Luky, Abdoul et Diego vivent aux Renarts, une petite cité HLM de province située à la lisière de la campagne et en périphérie de la ville de Saint-Roch au bout d’une route qui ne mène nulle part.  « Il y a trente ans, quand ça a été construit, parait qu’y avait que des profs. C’était tout moderne. (…) Aujourd’hui, y’a des Noirs, du Kurde, du Macédonien, du Rom, de l’Arabe, du Russe et les blancs italiens portugais roumains, et aussi une handicapée. Ici c’est les pauvres. Les cas sociaux. Les hors-jeu, les pas de chance et les déglingués. » Saint-Roch, ce n’est pas beaucoup mieux. « Un gros village que quelqu’un a chié en route, là, contre la colline, au milieu des champs […où] y’a même pas de gare. Y’a bien des cars mais démerde-toi pour trouver où ils vont, quand ils partent.
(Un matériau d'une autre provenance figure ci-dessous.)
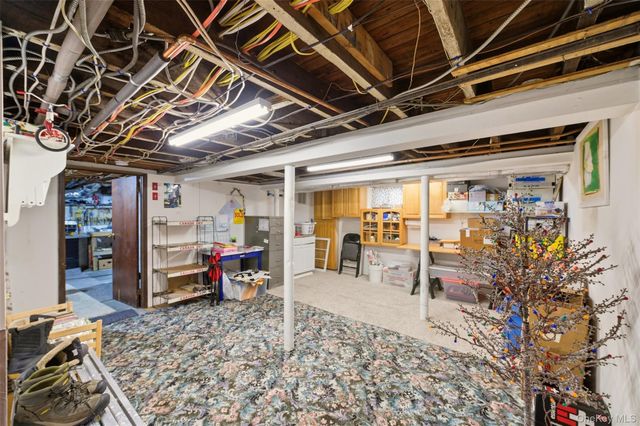 72 E Hitchcock Avenue, Floral Park, NY 11001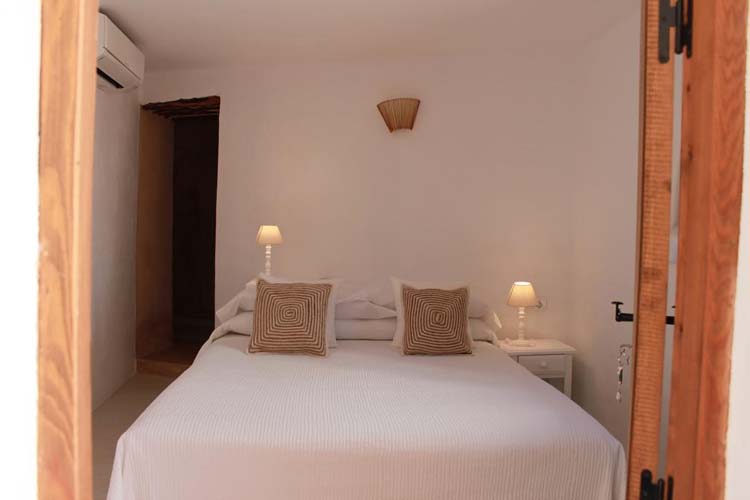 Superior Queen Room - Agroturismo Can Cosmi Prats - Santa Gertrudis de Fruitera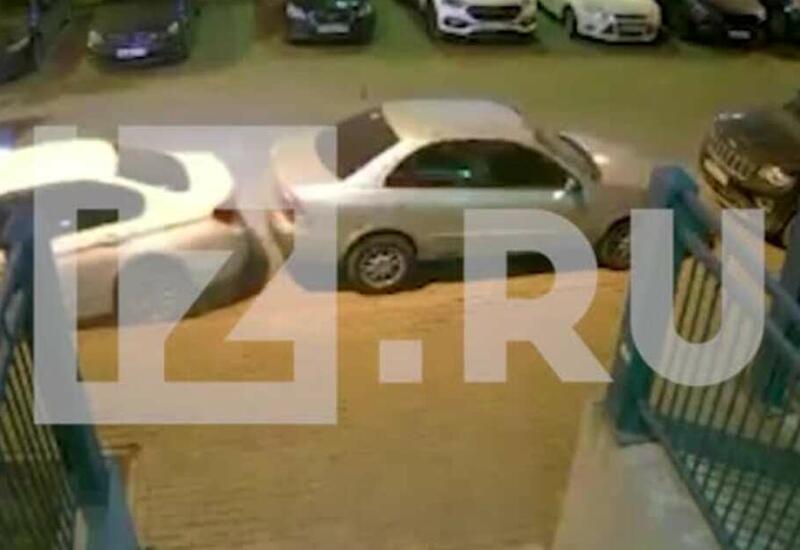 Московский полицейский устроил гонки во дворе и протаранил BMW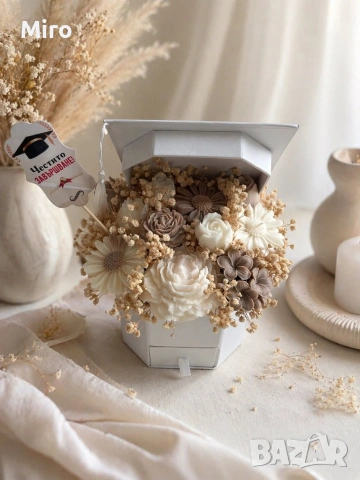 ръчно изработен букет от соеви свещи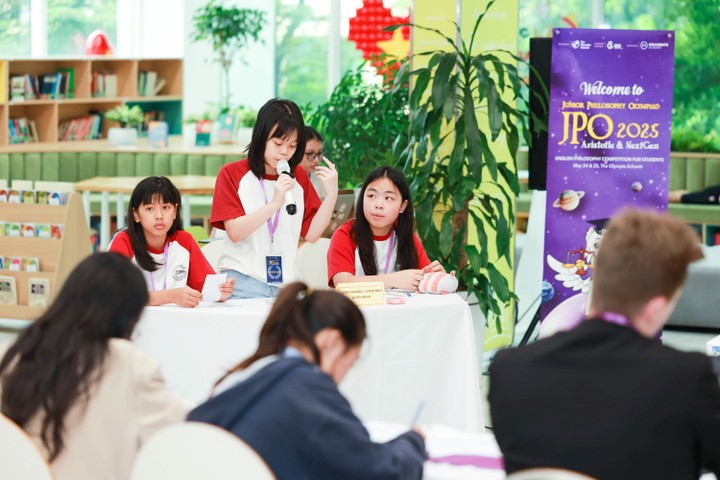 Học sinh tranh biện tại chung kết cuộc thi tiếng Anh triết học cho học sinh Tiểu học, THCS 2025.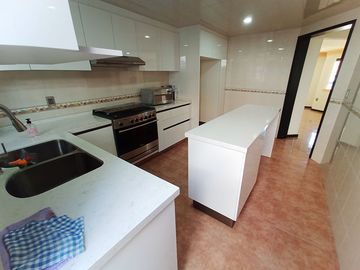 Casa en venta en Zona Plateada, con amplia terraza.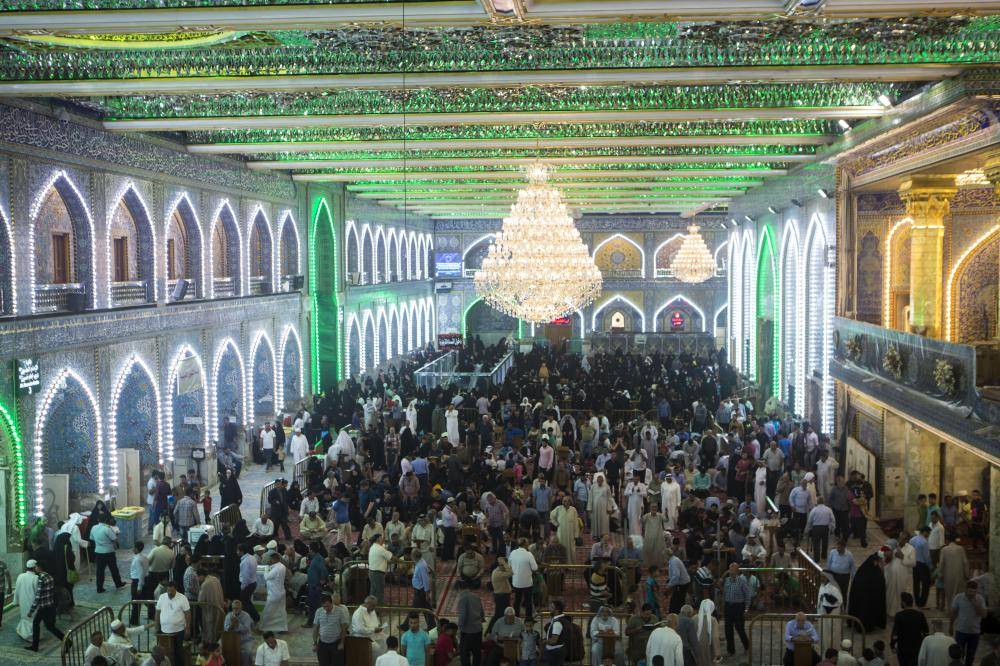 Karbala:Mausoleo di Abalfazl al-Abbas(AS) addobbato a festa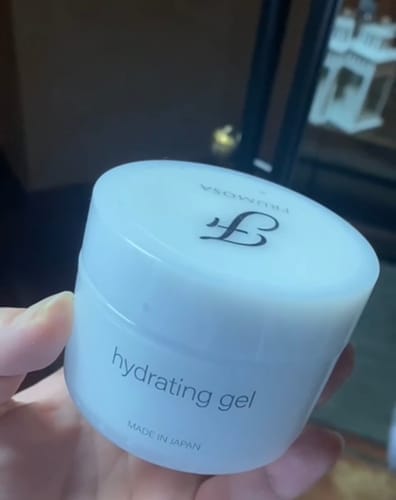Customer photo review of Hydrating Gel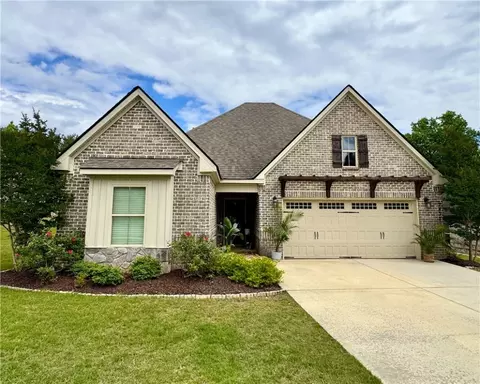 2457 Snowshill Ln, Auburn, AL 36832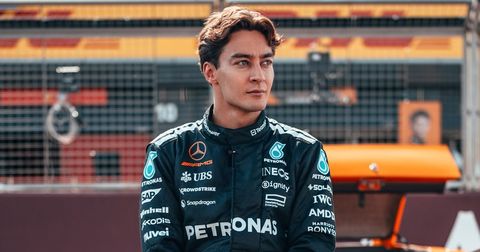 Расел: Пеколна борба... кога станав прв видов дека батеријата ми е скоро празна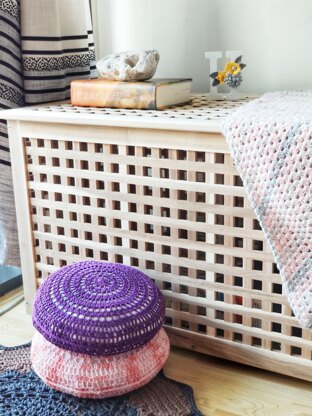 Sweet Pea crochet cushion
Et puis ça coûte, on sait même pas combien mais ça coûte. »
On suit donc les trois adolescents dans ce désert durant toute une année scolaire.

Luky, dont l’arrière-grand-père et le grand-père étaient paysans plus loin dans cette campagne Iséroise, vit aux Renarts avec sa mère. Une femme à la fois affectueuse et absente qui malgré un travail éreintant parvient juste à boucler leur budget et peine à se tenir debout. Luky est un gentil garçon, effacé qui s’ennuie en classe, aime la nature, et qui, depuis la mort de celui qui se disait le dernier représentant de la race des petits paysans français en voie de disparition, semble de plus en plus « perdu au fond de sa tête ».  Il avoue même à ses amis Abdoul et Diego que depuis il entend des voix et que son grand-père revient le visiter en rêve. « Il avait dix ans pile. Pépé a été son premier vrai mort. À la télé bien sûr y a des morts partout, y a la guerre. À l’époque c’est surtout l’Irak, l’Afghanistan. Des enfants morts, des enfants pas morts qui tout autour d’eux voient des morts partout. (…) Mais lui, aux Renarts (…) à part un oiseau une fois, un gros genre pigeon, en bas, dans le sable sous le toboggan, jamais. (…) Pépé était aussi gris et immobile que le pigeon. » 
Cette année est aussi celle de l’orientation scolaire, mais Luky semble se désintéresser complètement de l’affaire. Il ne sait vraiment pas quoi choisir et quand on le presse avec insistance de remplir le formulaire adéquat, il perd le papier, le laisse vierge, répond qu’il ne sait pas ou avance qu’il veut être éboueur ou encore « dernier » comme son grand-père. Les enseignants s’interrogent, ou émettent l’hypothèse que la peur de devoir choisir le tétanise et qu’il faut l’aider personnellement, ou le prennent pour un débile léger. Alertée, la mère l’amène en toute discrétion consulter une psychologue dans une ville voisine.       
Abdoul, musulman d’origine kabyle, a lui toujours su ce qu’il voulait : s’intégrer. C’est un garçon curieux qui respecte les adultes et les autres élèves et prend plaisir à apprendre et à étudier.  Il est particulièrement attaché à sa professeure de français et s’est pris de passion pour la poésie et la littérature. Pour Luky et Diego, c’est l’ami d’enfance fidèle, sensible et joyeux avec lequel ils s’amusent et auquel ils peuvent se confier.
Diego, de parents portugais, est du genre grande gueule qui roule des mécaniques et ne rechigne pas à la castagne. Il se la joue plutôt caïd et l’avenir, lui, il s’en fout. Il a bien compris en regardant autour de lui qu’aux Renarts pour le travail on prenait ce qu’on trouvait. De toute façon seul le présent l’intéresse et cette année il ne pense qu’au sexe et à l’amour. L’occasion de raconter ses exploits réels ou imaginaires avec les filles du lycée à ses amis admiratifs de son audace.
À eux trois ils forment un clan riche de sa diversité psychologique et culturelle. Ils se complètent, s’entraident et se tiennent chaud. Quand Abdoul râle d’être traité d’Arabe et des fouilles policières « en ville » qui tombent sur lui plus souvent qu’à son tour, Luky lui explique avec philosophie qu’il ne faut pas y faire attention car de toute façon pour les autres et les médias « ceux des Renarts » sont tous des arabes, des délinquants ou des drogués.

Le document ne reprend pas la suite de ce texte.